THESE TASTE LIKE A TRULY AUTHENTIC LINZER TART COOKIE! BETTER THAN THE BAKERY ONES!!!!
- 1 1/4 cups butter, softened
- 2/3 cup white sugar
- 2 cups sifted all-purpose flour
- 1 3/4 cups ground pecans
- 1/8 teaspoon ground cinnamon
- jar of seedless raspberry jam
- confectioners’ sugar for decoration
- Cream the butter and sugar together until the mixture is light and fluffy. Beat in the flour, 1/2 cup at a time, the pecans and cinnamon, and continue beating until the mixture becomes a slightly stiff dough.
- Shape the dough into a ball, wrap it in wax paper or plastic wrap and refrigerate it for about one hour.
- Preheat oven to 325 degrees F
- On a lightly floured surface, roll the 1/2 of the dough into a sheet 1/8 inch thick. With a 2 1/2 inch cookie cutter, cut as many circles (OR HEARTS LIKE I DID) from the sheet as you can. Knead the leftover scraps of dough into a ball and roll it out again into a 1/8 inch sheet. Cut out more circles (HEARTS). You should now have about 12 circles (HEARTS).
- Arrange them on a parchment lined sheet leaving about and inch of space between them.
- Repeat the rolling and cutting process with the other half of the dough, but before placing the second batch on the baking sheet, cut out the center of each circle with a 1/2 inch cookie cutter. Bake both batches for 10 – 15 minutes or until light brown. Cool on cake rake for 20 minutes.
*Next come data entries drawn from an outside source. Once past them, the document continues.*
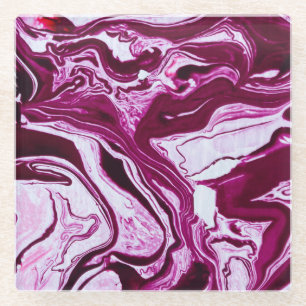 Dessous-de-verre En Verre Texture de marbre magenta : Art Abstrait des fluid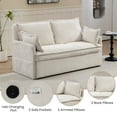 thumbnail image 3 of 59.5" White Corduroy Pull-Out Sofa Bed: Modern 2-in-1 Sleeper Couch for Living Room & Apartment, Seats 2, 800lb Capacity, Side Storage & USB/C Ports, 3 of 6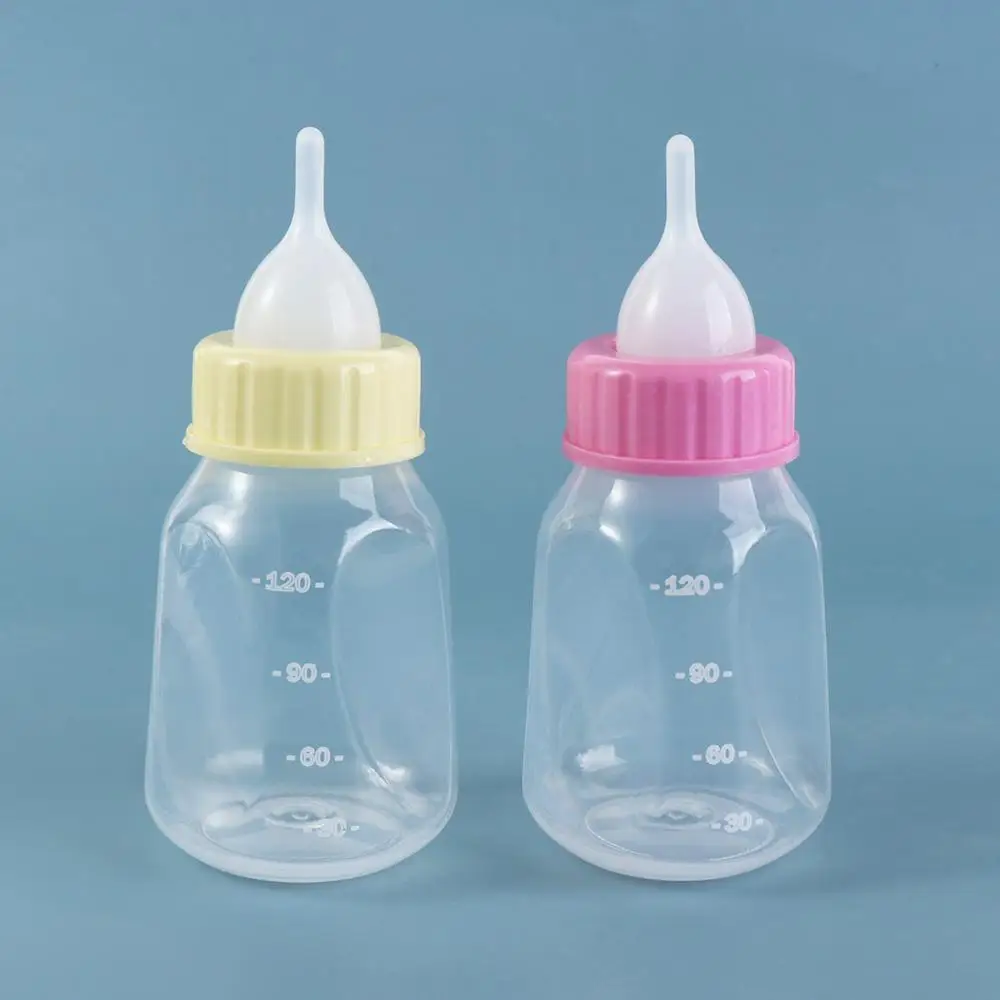 1PC 120ml Bite Resistant Household with Scale Silicone Kitten Nipple Bottle Cat Feeder Rabbit Feeding Bottle Pet Milk Bottle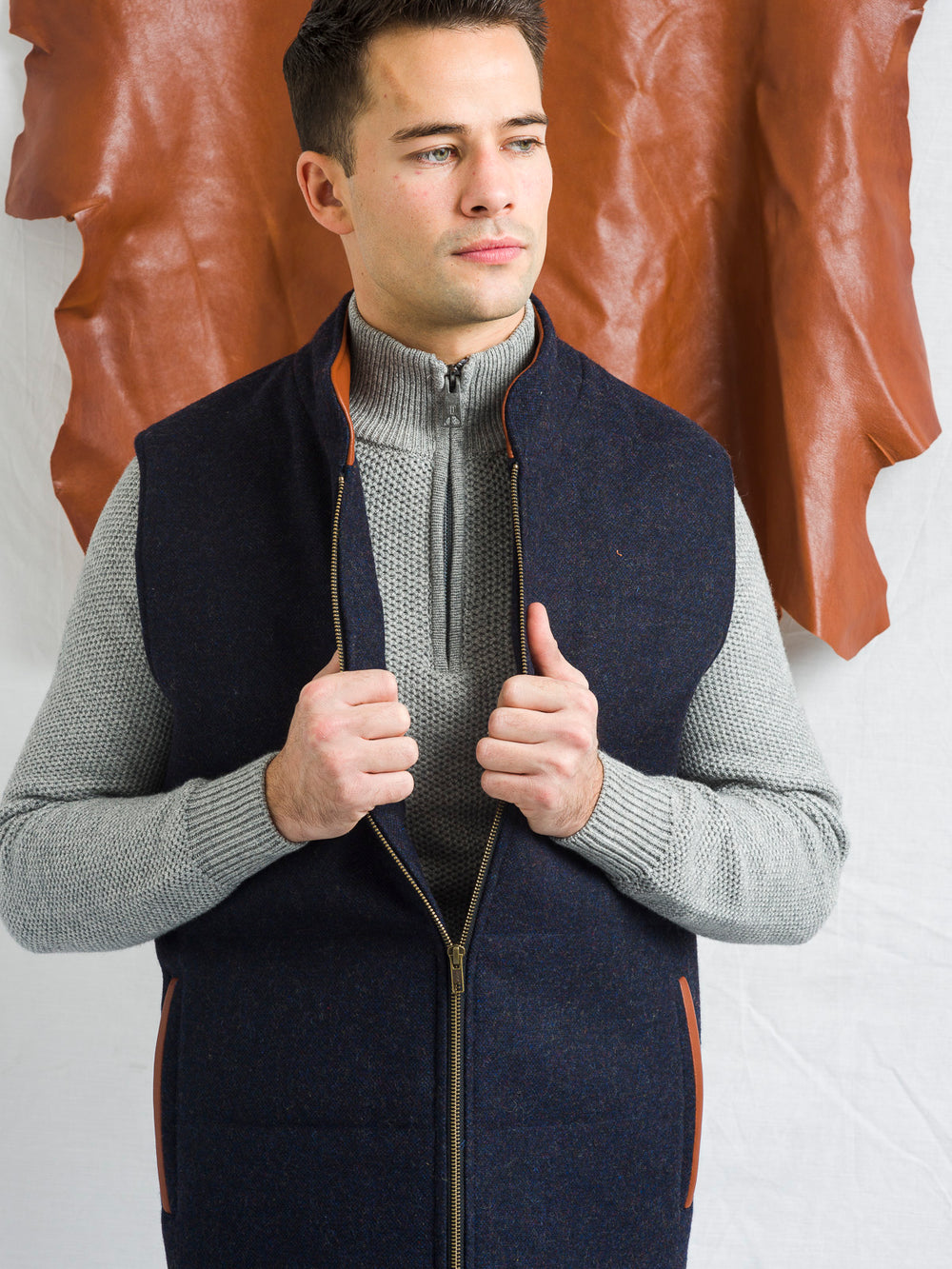 Navy Tweed Bodywarmer with Leather Trims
- Lay hearts upside down and top with with a coating of jam on each. Heavily dust the cut out hearts with powdered sugar and then sandwich the 2 halves together.
- NOTE: Keep dough as cold as possible for easier handling. You may have to chill it after rolling it out so that it will be easier to cut.
Recipe given to me by a former student of mine!